EXERCISE INSTRUCTIONS: In the records below, the line containing "ELAGO H Stand" is the first to keep. Retype it and all later lines exactly, through the end.

● ● ● ●

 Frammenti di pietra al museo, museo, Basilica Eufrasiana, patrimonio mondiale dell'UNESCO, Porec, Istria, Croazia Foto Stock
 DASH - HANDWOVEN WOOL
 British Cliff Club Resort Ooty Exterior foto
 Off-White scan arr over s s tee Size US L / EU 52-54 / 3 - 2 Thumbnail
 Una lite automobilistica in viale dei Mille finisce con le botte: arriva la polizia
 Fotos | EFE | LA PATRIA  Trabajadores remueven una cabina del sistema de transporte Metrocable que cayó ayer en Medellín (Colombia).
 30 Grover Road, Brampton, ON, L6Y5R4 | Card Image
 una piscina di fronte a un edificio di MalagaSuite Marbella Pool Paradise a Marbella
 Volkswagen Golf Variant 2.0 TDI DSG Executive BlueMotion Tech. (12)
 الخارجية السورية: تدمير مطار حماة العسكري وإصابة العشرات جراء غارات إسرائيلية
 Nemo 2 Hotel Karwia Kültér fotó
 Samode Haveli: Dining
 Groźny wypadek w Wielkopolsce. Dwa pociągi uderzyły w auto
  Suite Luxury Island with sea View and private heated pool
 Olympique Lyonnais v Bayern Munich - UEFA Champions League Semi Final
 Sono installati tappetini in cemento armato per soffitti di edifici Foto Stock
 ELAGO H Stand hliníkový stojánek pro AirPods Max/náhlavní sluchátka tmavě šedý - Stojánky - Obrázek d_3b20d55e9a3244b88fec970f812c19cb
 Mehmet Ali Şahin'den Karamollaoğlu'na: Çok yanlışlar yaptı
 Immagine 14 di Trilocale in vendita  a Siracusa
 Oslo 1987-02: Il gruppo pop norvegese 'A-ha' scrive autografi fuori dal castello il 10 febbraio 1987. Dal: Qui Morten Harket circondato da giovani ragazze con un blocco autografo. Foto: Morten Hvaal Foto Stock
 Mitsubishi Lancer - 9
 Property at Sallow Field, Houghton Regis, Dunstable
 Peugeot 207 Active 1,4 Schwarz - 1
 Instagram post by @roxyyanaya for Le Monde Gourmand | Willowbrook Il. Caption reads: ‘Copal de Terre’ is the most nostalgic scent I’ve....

● ● ● ●

SOLUTION TO THE EXERCISE:
 ELAGO H Stand hliníkový stojánek pro AirPods Max/náhlavní sluchátka tmavě šedý - Stojánky - Obrázek d_3b20d55e9a3244b88fec970f812c19cb
 Mehmet Ali Şahin'den Karamollaoğlu'na: Çok yanlışlar yaptı
 Immagine 14 di Trilocale in vendita  a Siracusa
 Oslo 1987-02: Il gruppo pop norvegese 'A-ha' scrive autografi fuori dal castello il 10 febbraio 1987. Dal: Qui Morten Harket circondato da giovani ragazze con un blocco autografo. Foto: Morten Hvaal Foto Stock
 Mitsubishi Lancer - 9
 Property at Sallow Field, Houghton Regis, Dunstable
 Peugeot 207 Active 1,4 Schwarz - 1
 Instagram post by @roxyyanaya for Le Monde Gourmand | Willowbrook Il. Caption reads: ‘Copal de Terre’ is the most nostalgic scent I’ve....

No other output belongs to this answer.